**PROVIDED DATA:**
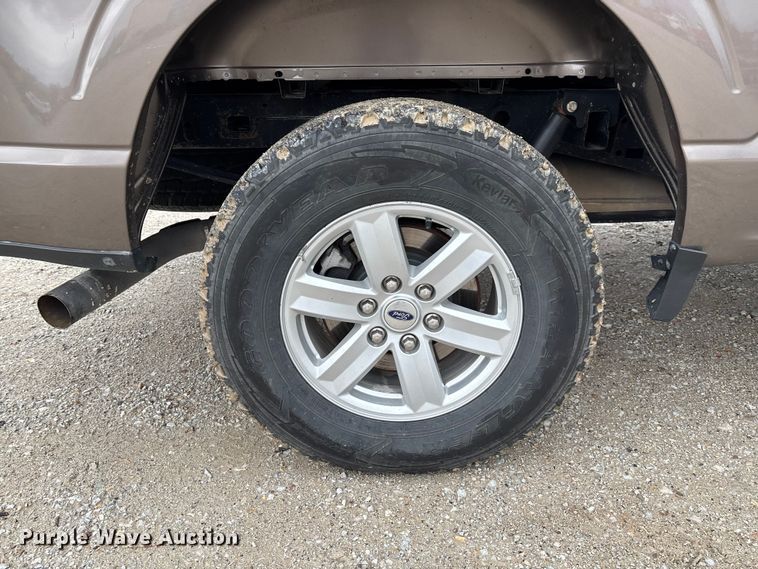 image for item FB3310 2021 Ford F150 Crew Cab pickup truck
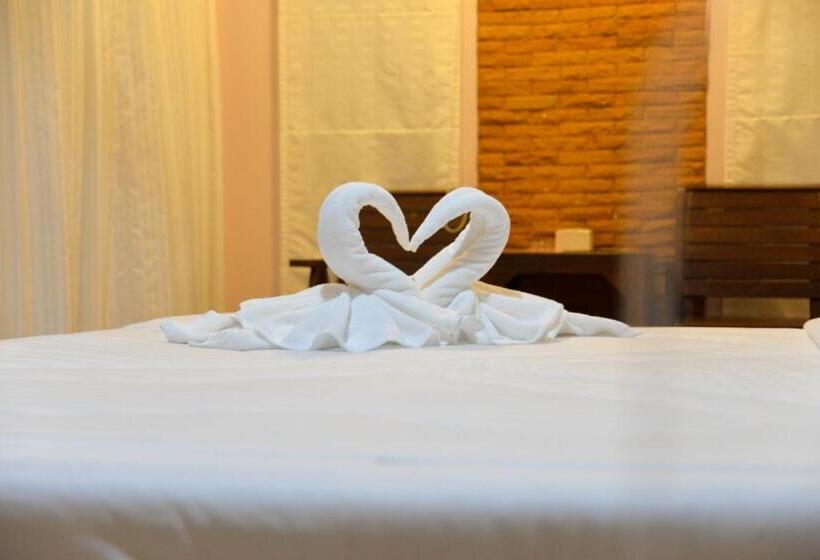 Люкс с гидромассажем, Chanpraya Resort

--

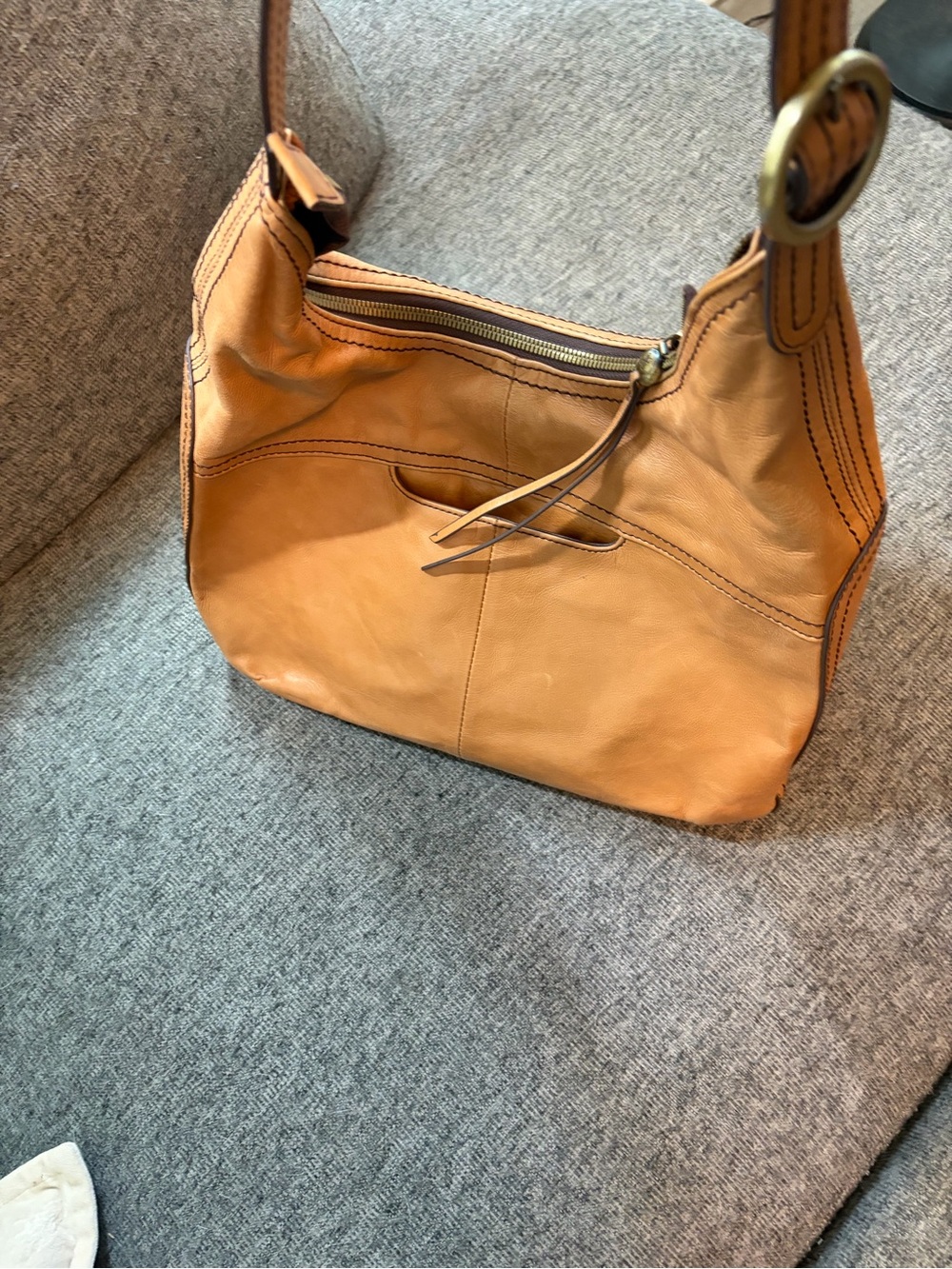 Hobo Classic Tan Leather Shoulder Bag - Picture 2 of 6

---

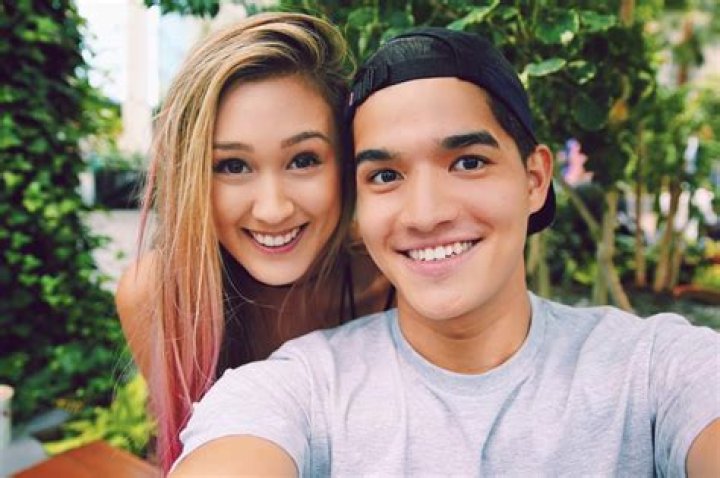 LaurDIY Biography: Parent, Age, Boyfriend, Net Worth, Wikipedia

**TASK BRIEF:** Using the records above, return verbatim only the part that opens with the line containing "image for item" and closes with the line containing "Люкс с гидромассажем, Chanpraya Resort"; pictures stay out.

**FINISHED EXERCISE:**
 image for item FB3310 2021 Ford F150 Crew Cab pickup truck
 Люкс с гидромассажем, Chanpraya Resort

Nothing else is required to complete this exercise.